Non ti sembra che in questo mascheramento esasperato dell’individualità vi sia una verità di  fondo? E che in qualche modo questo sentimento abbia a che fare con l’immutabilità a cui ti  riferivi prima? 

Mattia Ferretti, ritratto allo specchio, me and the Ghost of the Italian Painter Antonio Ligabue – courtesy of the artist

Quando queste immedesimazioni – in altro – si possono definire individualità? Forse è questo  il punto. O forse no. Non lo so. 

Le cartografie inventate che non rispecchiano nessun luogo geografico preciso possiedono  un’individualità propria? Credo proprio di sì. 

Forse è questo il grande merito dell’arte. Si è fatto l’esempio del teatro, delle arti visive, del  mascherarsi: finzioni che evidenziano verità di fondo.

Ecco il cortocircuito, finalmente! Ed ecco la verità di fondo delle cose. Riferendosi sempre alle  cartografie citate poco fa: esse sono vere tanto quanto quelle che esprimono graficamente un  luogo preciso e identificabile geograficamente? Anche se questo luogo non l’ho mai visto con  i miei occhi? O sicuramente non con quelle connotazioni ‘astratte’, o meglio, di sintesi  topografica? E, soprattutto, sono luoghi anche se vivono solo nella fantasia – fino a prova  contraria – e sulla carta? 

Vabbè, il discorso sulle utopie ed eterotopie è forse da evitare adesso. Quando finiscono su carta si restituiscono come allusioni a un’immagine molteplice e agli  aspetti specifici che abbiamo deciso di circoscrivere da quell’immagine, o solamente di quelli  che – con più o meno esattezza – siamo riusciti a ricopiare. Così avviene quando iniziamo a  scrivere un racconto o pensiamo a una composizione pittorica. Astraiamo dalla molteplicità  della realtà, o di quella che per ciascuno di noi essa rappresenta, un luogo di partenza che  poi, con poche linee, definiamo e andiamo a fermare. 

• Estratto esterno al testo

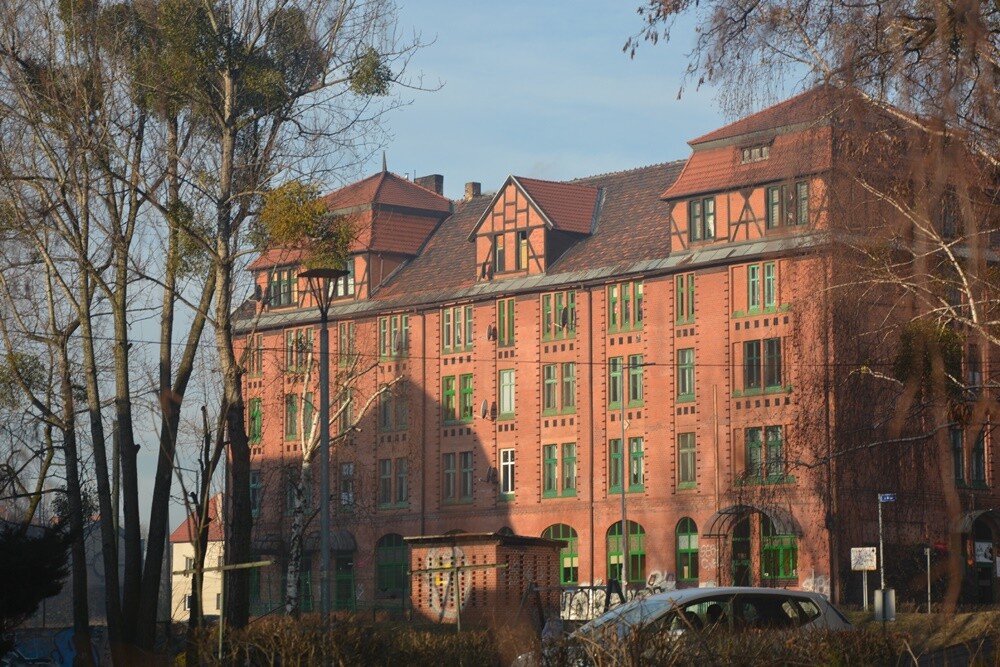Słoneczny niedzielny dzień może być dobrą okazją na spacer po Rudzie Śląskiej. Polecamy zatrzymać się chwilę dłużej przy budynku Kaufhaus, który znajduje się na osiedlu o tej samej nazwie przy ul. Niedurnego.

Le opere che ho selezionato per questo approfondimento, per esempio, contengono al loro  interno tutte e tre un certo grado di distanza rispetto a quell’immagine e segnano in qualche  modo il percorso che intercorre tra quella molteplicità e l’immagine individuale. Ecco allora che la matrice xilografica verrà riprodotta fino a quando sarà in grado di stampare  immagini definite di quel luogo e che il basamento in legno della pietra Suiseki custodisce al  suo interno una sua parte (l’impronta di quell’oggetto), o che l’immagine fotografica cattura nel  gioco di specchi il riflesso sul vetro. In tutti e tre i casi l’apparenza non viene più fruita  direttamente come apparenza, ma in quanto simbolo. Un’allusione a quel luogo di partenza. 

Forse siamo proprio tutto quello che abbiamo definito. E soprattutto siamo molte altre  possibilità non (ancora) avvenute. In potenza. Simbolici perché in carenza di definizioni  immutabili. Alla ricerca di significati poiché, per natura, nati in difetto e vissuti al negativo della  Realtà. L’arte può solamente muoversi per osmosi. 

Tutti questi simboli sono immersi in questo flusso osmotico e, in base alla differenza del  potenziale magnetico a cui sono sollecitati, s’invischiano o si separano dalla realtà,  sembrandoci talvolta immagini tanto coincise quanto menzognere e altre volte invece quasi  verità.